- **THE PROBLEM**:
In the records that follow, find the line with "Pochette À Accessoires"; from there, retype every line exactly through the line with "Puzzlepickup Facebook ad", which also belongs to the answer.

- **RECORDS PROVIDED**:
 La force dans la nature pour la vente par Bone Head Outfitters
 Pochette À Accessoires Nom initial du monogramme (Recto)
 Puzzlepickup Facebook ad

* * *

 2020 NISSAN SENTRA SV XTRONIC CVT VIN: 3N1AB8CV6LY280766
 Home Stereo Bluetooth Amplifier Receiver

- **SOLUTION TO THIS EXERCISE**:
 Pochette À Accessoires Nom initial du monogramme (Recto)
 Puzzlepickup Facebook ad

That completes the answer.